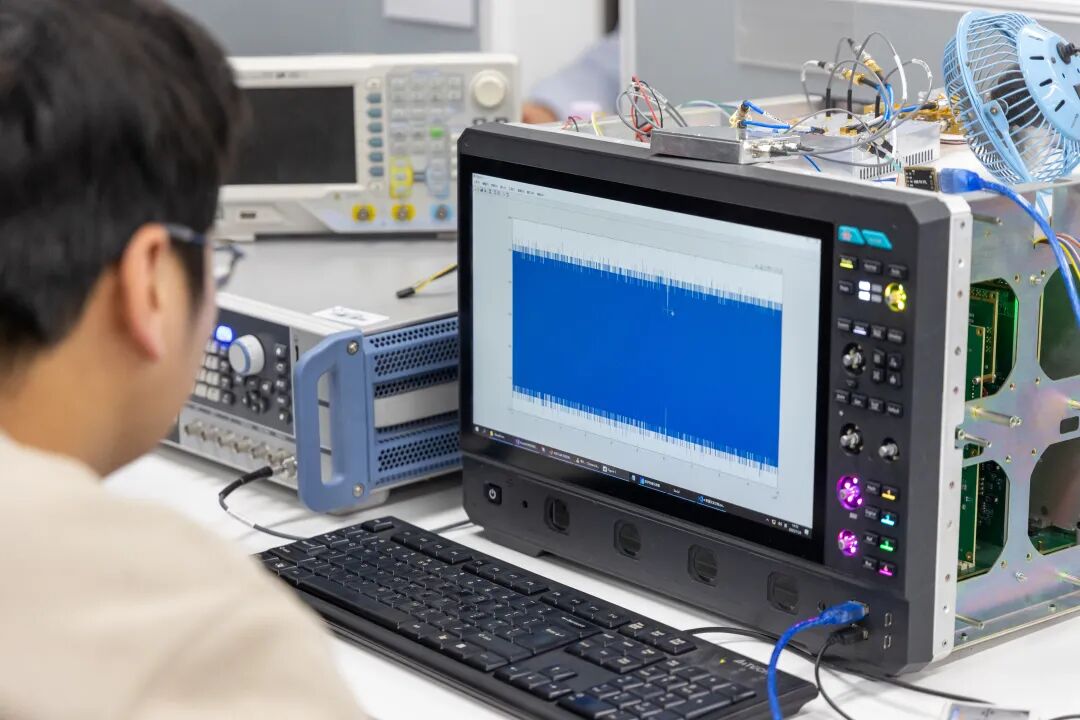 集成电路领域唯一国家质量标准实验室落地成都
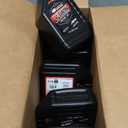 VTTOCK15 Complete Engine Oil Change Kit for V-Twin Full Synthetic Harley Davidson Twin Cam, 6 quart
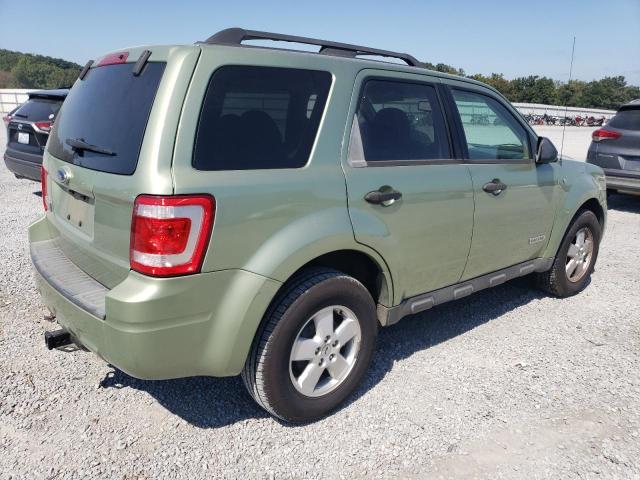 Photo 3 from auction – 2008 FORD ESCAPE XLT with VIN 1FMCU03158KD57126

--

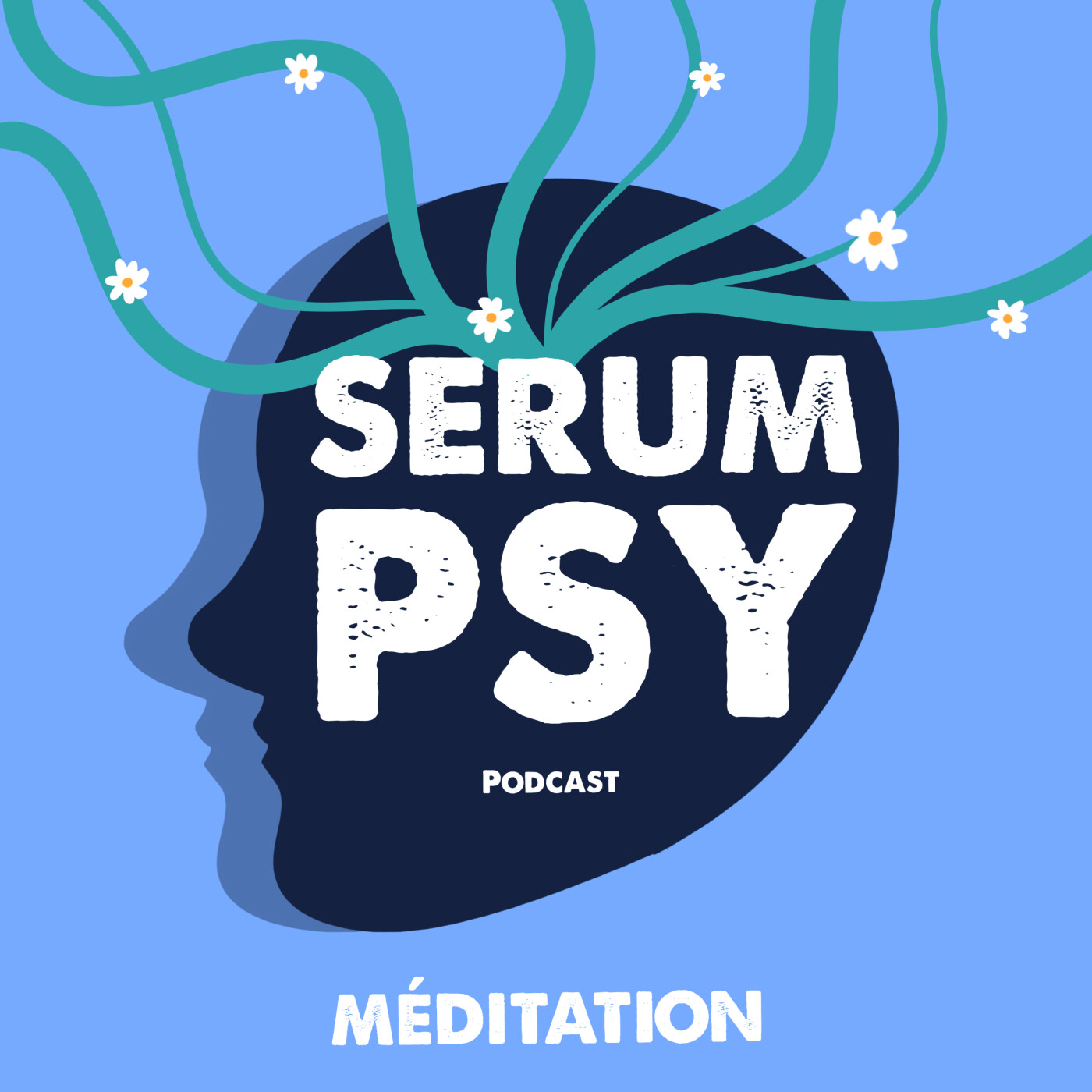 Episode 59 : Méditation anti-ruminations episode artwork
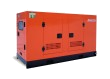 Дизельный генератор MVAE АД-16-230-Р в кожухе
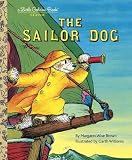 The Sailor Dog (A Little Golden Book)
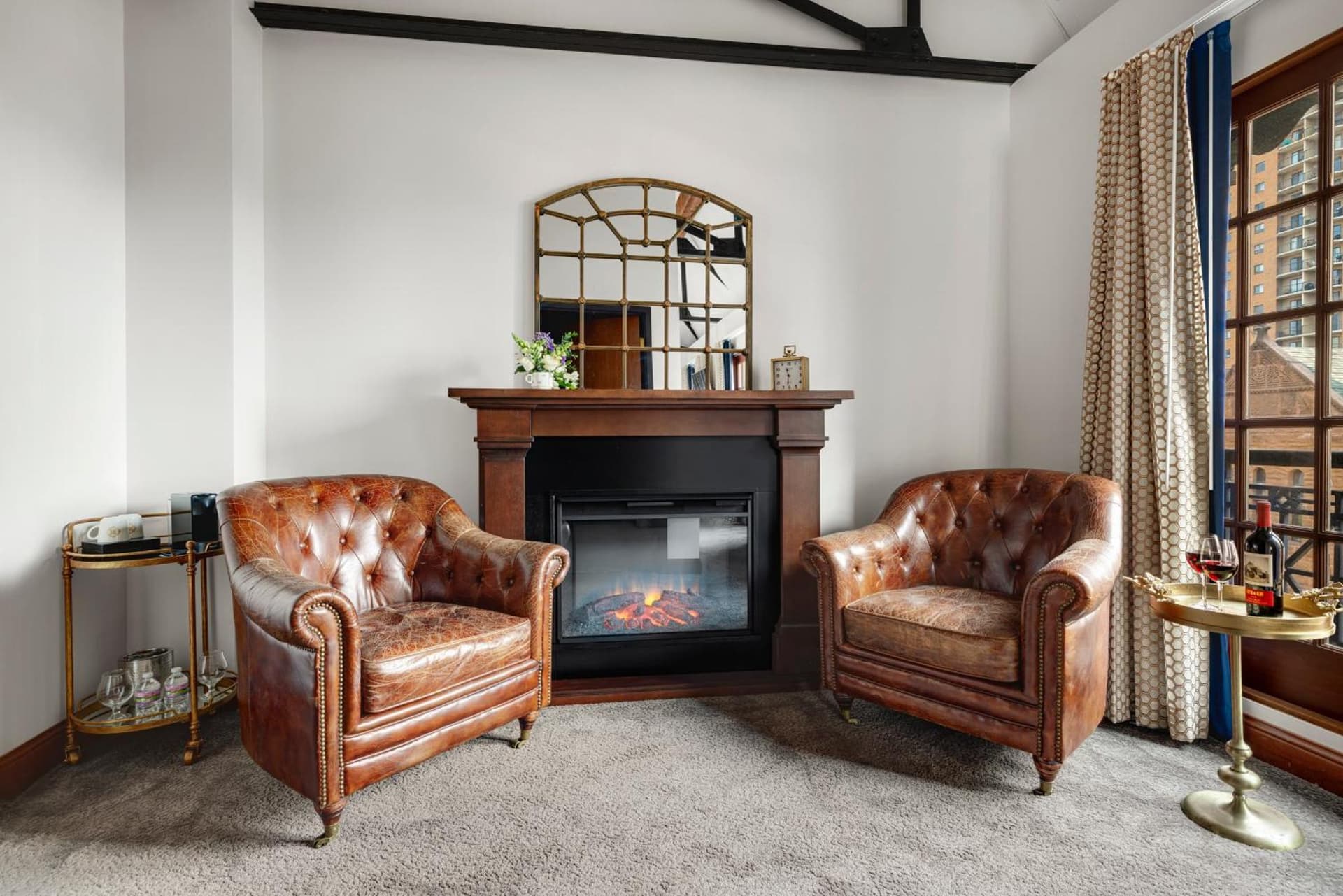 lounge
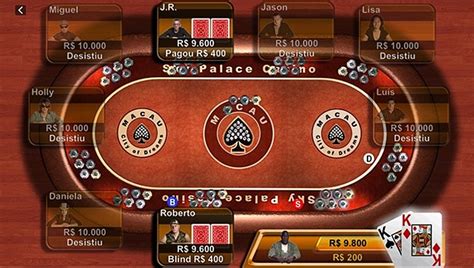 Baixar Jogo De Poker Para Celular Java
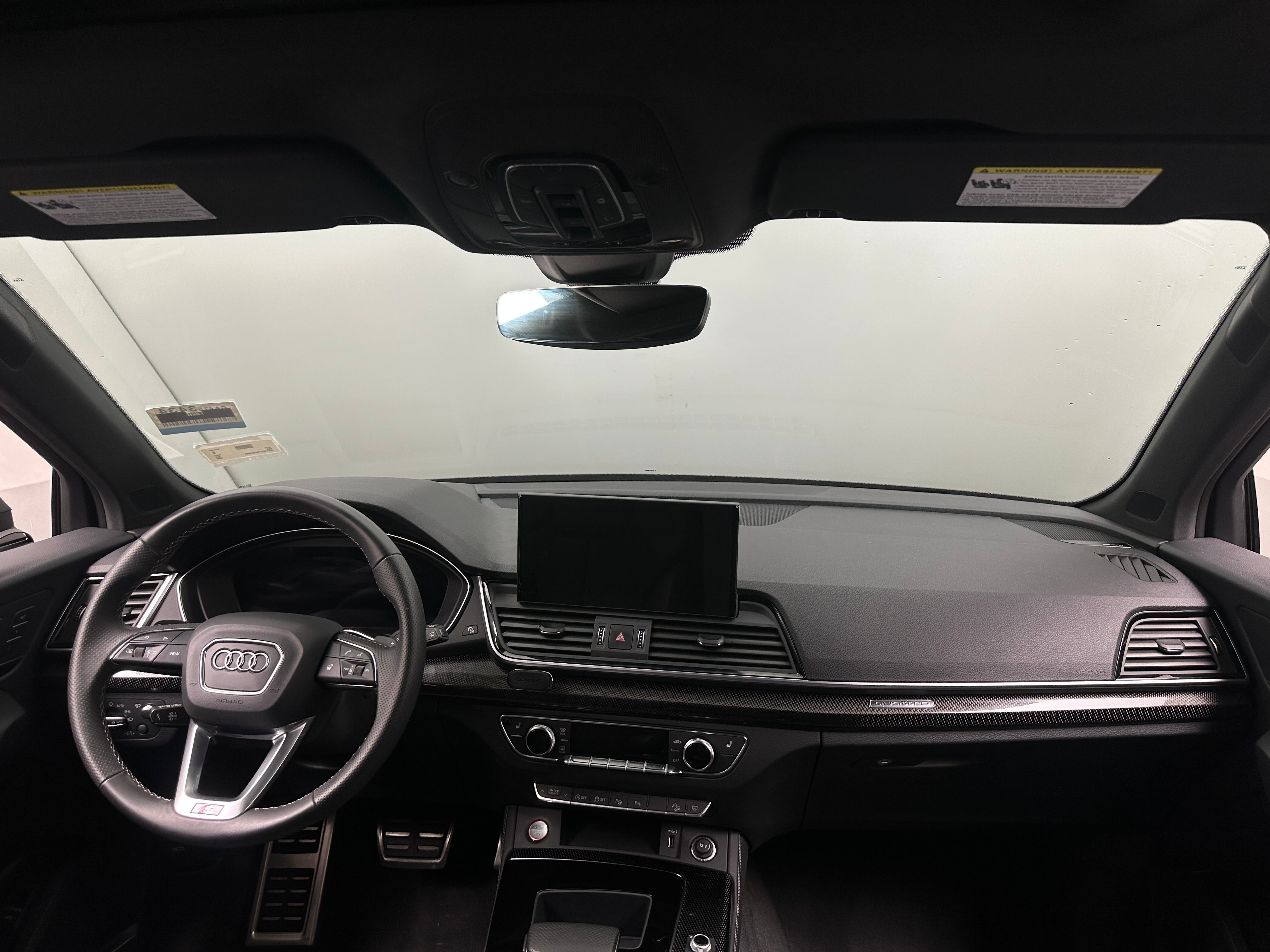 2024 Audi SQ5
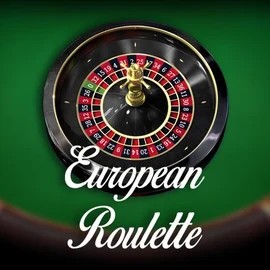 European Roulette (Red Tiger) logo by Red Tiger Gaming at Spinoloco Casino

Directions for this task — Within the material above, find the part that opens with the line containing "Episode 59 : Méditation" and closes with the line containing "European Roulette (Red", and reproduce it exactly without the pictures.

Task response —
 Episode 59 : Méditation anti-ruminations episode artwork
 Дизельный генератор MVAE АД-16-230-Р в кожухе
 The Sailor Dog (A Little Golden Book)
 lounge
 Baixar Jogo De Poker Para Celular Java
 2024 Audi SQ5
 European Roulette (Red Tiger) logo by Red Tiger Gaming at Spinoloco Casino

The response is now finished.